CHSA is proud to publish Wing Nien Brand: A Story of Longevity by Connie Young Yu and Effie Hall Dilworth about the famed food products company.
Wing Nien Soy Sauce Company, founded in San Francisco Chinatown during WWII, was the first manufacturer of soy sauce in the U.S. Brothers-in-law George Hall and John C. Young, the company’s founders, realized their dreams of success, and participated in Chinatown’s growth. Succeeding generations of Halls have grown Wing Nien into the company now known as Wing Nien Foods. Authors Connie Young Yu and Effie Hall Dilworth, daughters of John Young and George Hall, respectively, drew from family archives, oral history and personal experiences in writing this unique story.
Published 2013 by the Chinese Historical Society of America
5.5″x8.5″ booklet, 52 pages, saddle-stitched
About the Authors
Effie Hall Dilworth graduated from U.C. Berkeley in English literature. She worked for the university for 30 years with the campus’s natural history collections as a computer programmer and the administrator of a database system. She has been a piano student much of her life. She is the mother of two boys and has three grandchildren, all of whom live in the Bay Area.
Connie Young Yu, author of Chinatown, San Jose, USA and Patchwork History: The People’s Bicentennial Quilt, has long been involved in historical projects and social activism.

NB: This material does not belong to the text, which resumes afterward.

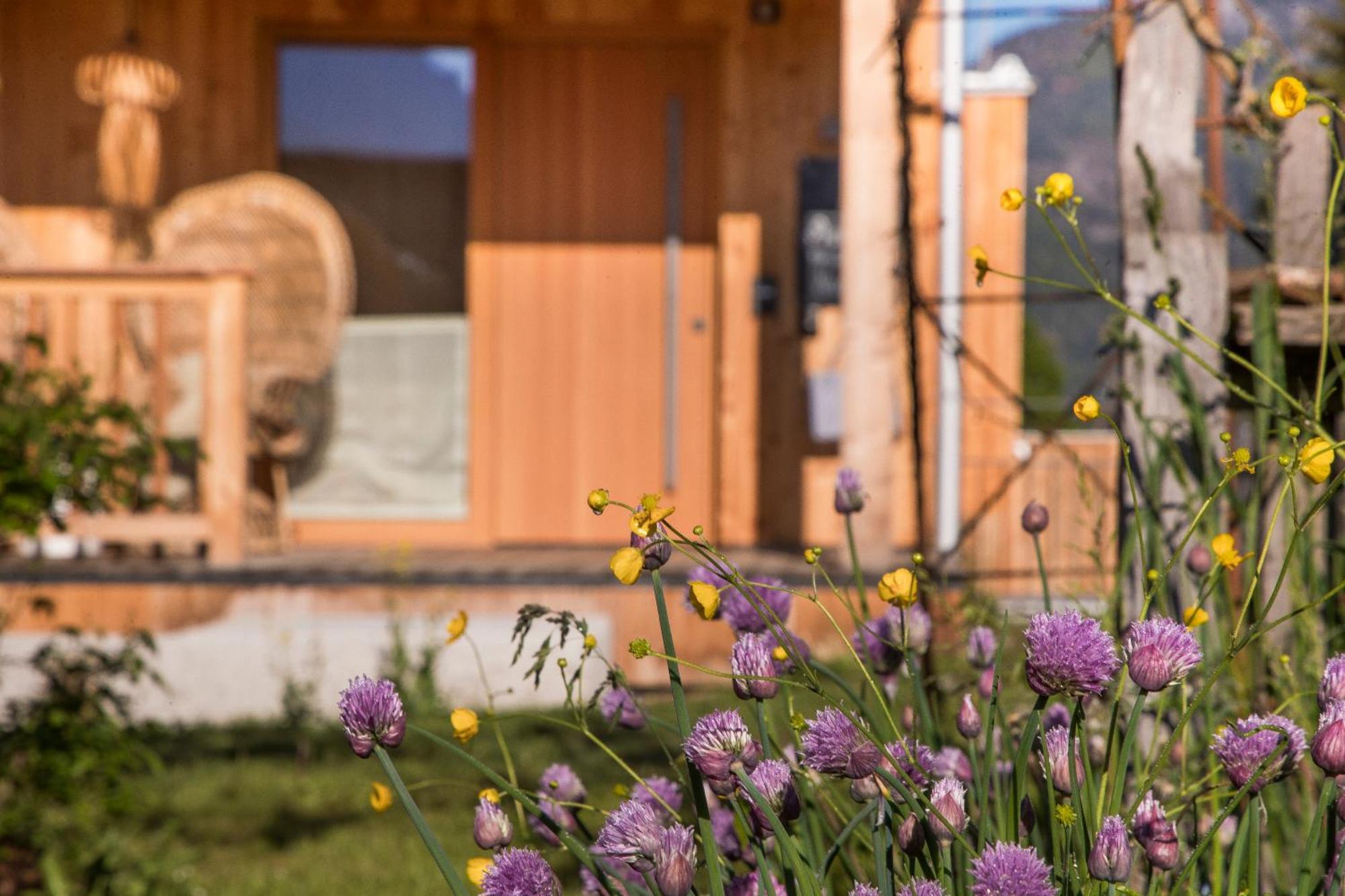Alpegg Chalets Waidring Buitenkant foto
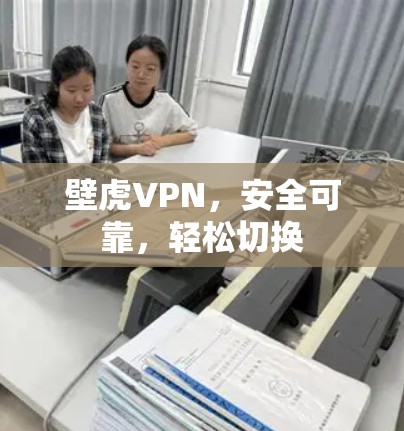 壁虎VPN，安全可靠，轻松切换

Yu’s writings have appeared in historical journals and literary anthologies. She wrote the videos accompanying exhibits, “Dr. Sun At Liberty’s Door” for CHSA and “On Common Ground”, for the Japanese American Museum of San Jose.
In 1974 she was one of the organizers of the Angel Island Immigration Station Historical Advisory Committee (AIISHAC) that saved the immigration barracks as a historic site. In 1973 she was one of the “Original 12” who founded Asian Americans for Community Involvement of Santa Clara Valley.

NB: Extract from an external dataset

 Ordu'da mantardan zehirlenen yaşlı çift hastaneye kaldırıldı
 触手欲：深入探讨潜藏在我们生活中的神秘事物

Connie studied literature at Mills College but her deep interest in Chinese American history came naturally, hearing stories from her parents about her pioneer ancestors. She is a 3rd generation Californian. Her maternal great-grandfather worked on the Transcontinental Railroad, and her paternal grandfather had a general store in San Jose’s Chinatown where her father was born.
Connie was a historical consultant on the archaeological excavation of two San Jose Chinatown sites. She is currently writing a book, Digging to Common Ground, on the excavation of the Chinatown that became the Japantown of San Jose. She is a participant in the Chinese Railroad Workers in North America Project at Stanford University.
Connie Young Yu is the current President of Hakone Foundation in Saratoga. She is the historical advisor to the Chinese Historical and Cultural Project.(CHCP) and a CHSA emeritus board member. Connie continues to serve as a key content advisor on CHSA programs, exhibits and publications.